When the princess saves his life by killing the various cyberwolves who are attacking him, he thanks her but she rebukes him for causing unnecessary death. So why did she save him rather than let the wolves eat him? This is where Cameron resorts again to sheer patina, alas in this case hokum rather than bare-faced artifice. A message from her god, in the form of floating puffballs, descends on her arrow as she is about to fire. She knows what this means. Jake has a ‘strong heart and no fear’, and she has to do what she can for him. Too bad for the wolves, but there’s ecology and ecology. By the time the great tree falls Jake is ready not only to abandon the American cause but to fight with the Na’vi. And does, once they have migrated to their sacred ground amid the floating mountains. Helicopters and pterodactyls.

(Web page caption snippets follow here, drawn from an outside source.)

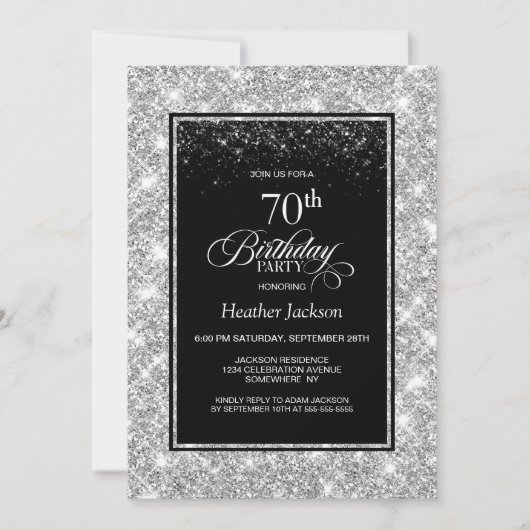 Invitation Fête d'anniversaire moderne Black Silver 70e (Devant)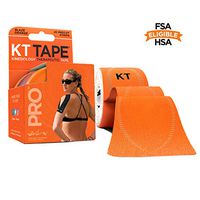 KT Tape Pro Kinesiology Therapeutic Sports Tape, 20 Precut 10 inch Strips, Blaze Orange, Latex Free, Water Resistance, Pro & Olympic Choice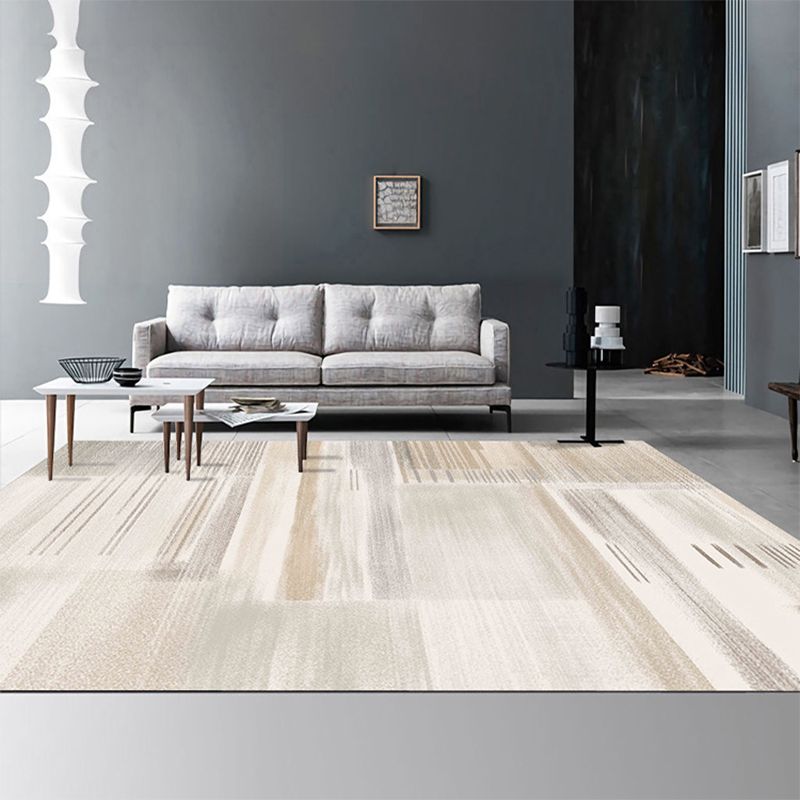 Minimalist Carpet Khaki Tone Rug Polyester Stain Resistant Area Rug for Living Room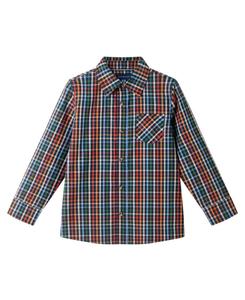 Детская рубашка для мальчиков в сине-клетчатую расцветку Andy & Evan, Navy plaid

On film this story doesn’t play as mushily as it might, in part because the implications of Pandora’s ecology are so well worked out. The Na’vi, especially when they congregate in their vast community circle, with their awesome angry chieftain and his even more awesome priestess wife, complete with jealous would-be son-in-law, may look like extras from every tribal encounter you have known Westerners to simulate, whether in a fictional Africa or America or Australia – or even New Zealand, where much of the film was shot – but their planet itself is an elaborate neural network of fronds and fibres and creatures, where everything connects as if by magic, a compelling image of an incomprehensible, unexploitable balance.

And the very idea of mush vanishes because of the looks of the film, where the forest takes over as the work’s first star, not because of its fancy, luminous flowers, which are more than a trifle kitschy, but because of its sheer green profusion, its endless pathways along fallen trees, its ever convenient lianas, and the alluring sense that anything could live here because anything could hide here. The film’s second, and even greater star is the landscape of the floating mountains, where the sky opens up and visually takes the place of solid ground. Great rocks hover in space, like Magritte’s Castle in the Pyrenees, only covered with ferns and tangled tree trunks, a model of gravity defied and fertility abounding. You could die here by missing your footstep on a cliff, or failing to manage the daunting dragon you are supposed to ride as if it were your trusty steed; but it would be a natural death, a death into nature, not a casualty of the politics of empire. It’s a nice touch that this dream of an organic Eden should be all artifice, and that it should cost so much: $460 million, they say. Nice too, for some, that it should make so much: $1.3 billion and counting.